_GOAL OF THE EXERCISE_
Word for word, restate the listing that follows and leave out the images.

_SUPPLIED INFORMATION_

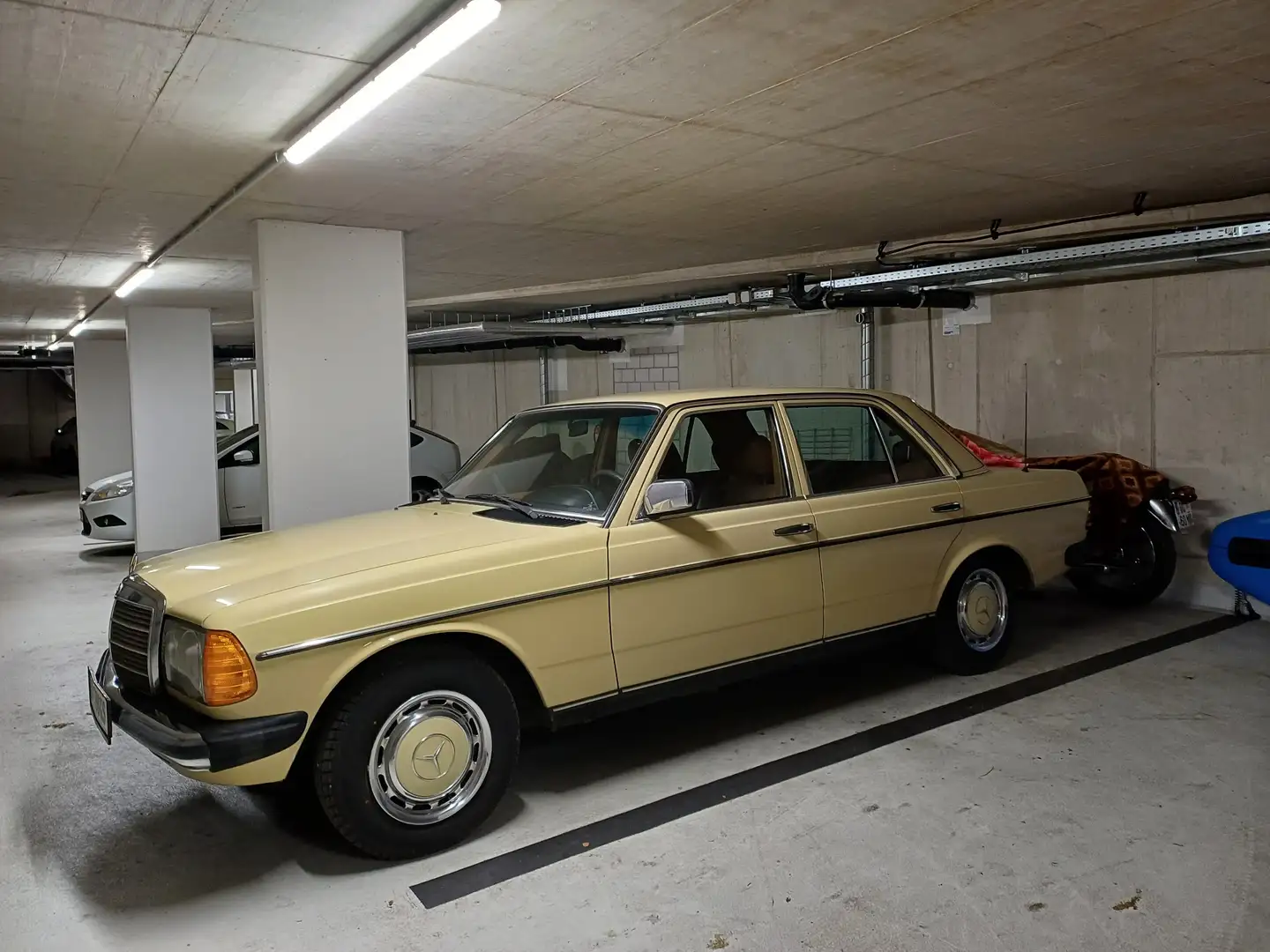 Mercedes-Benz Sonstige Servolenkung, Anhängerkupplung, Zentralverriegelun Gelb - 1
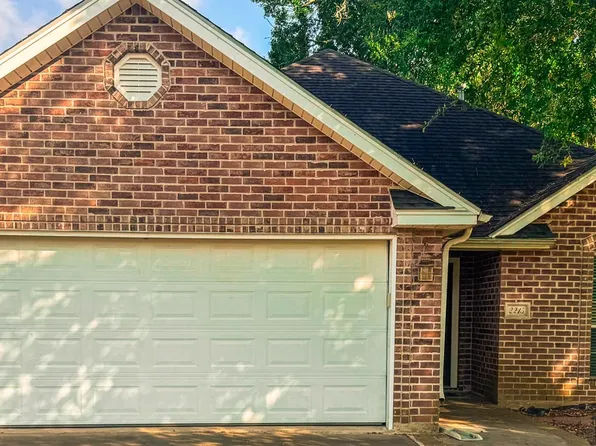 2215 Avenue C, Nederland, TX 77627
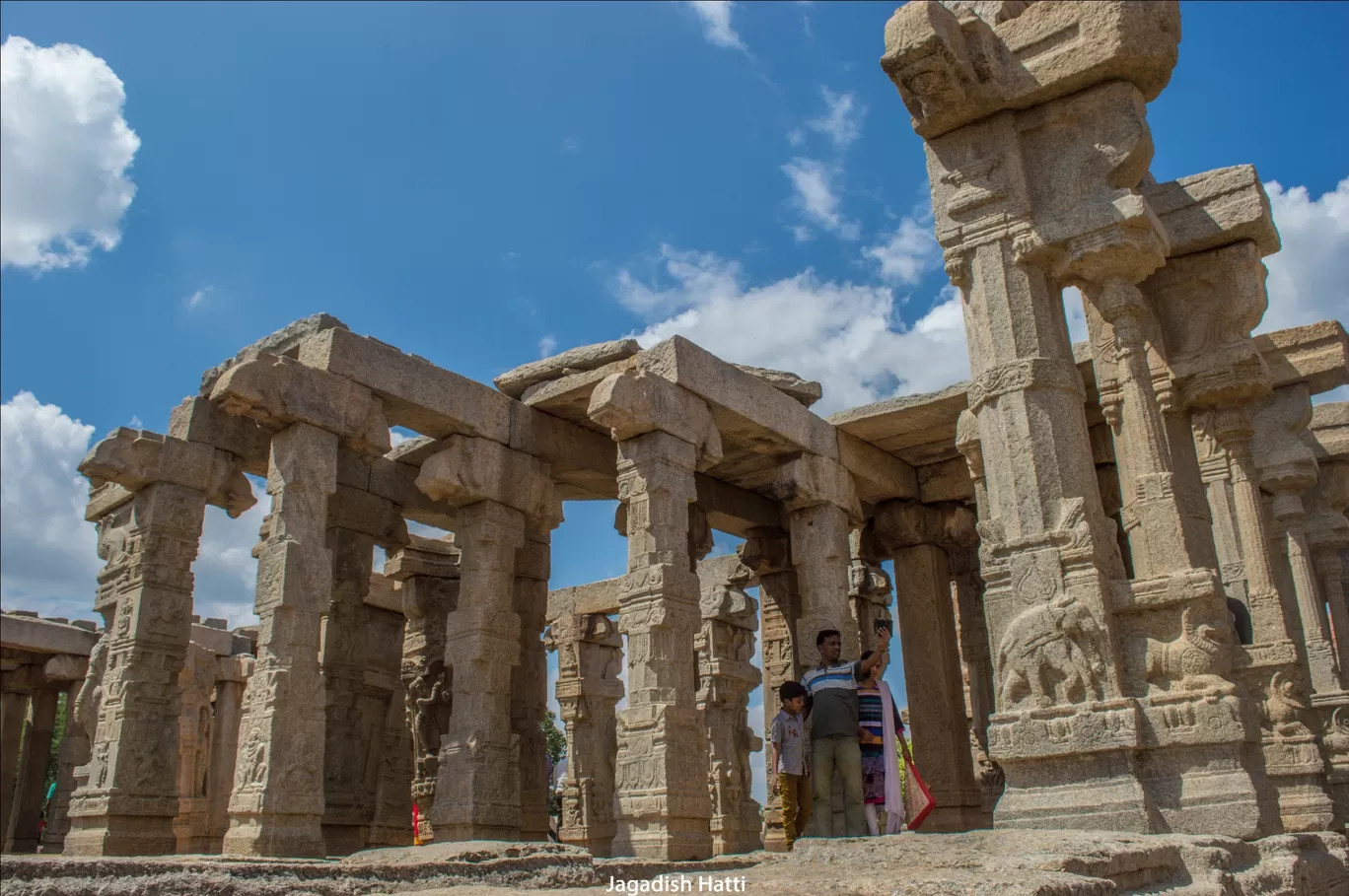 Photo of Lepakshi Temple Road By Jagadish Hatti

_ANSWER SECTION_
 Mercedes-Benz Sonstige Servolenkung, Anhängerkupplung, Zentralverriegelun Gelb - 1
 2215 Avenue C, Nederland, TX 77627
 Photo of Lepakshi Temple Road By Jagadish Hatti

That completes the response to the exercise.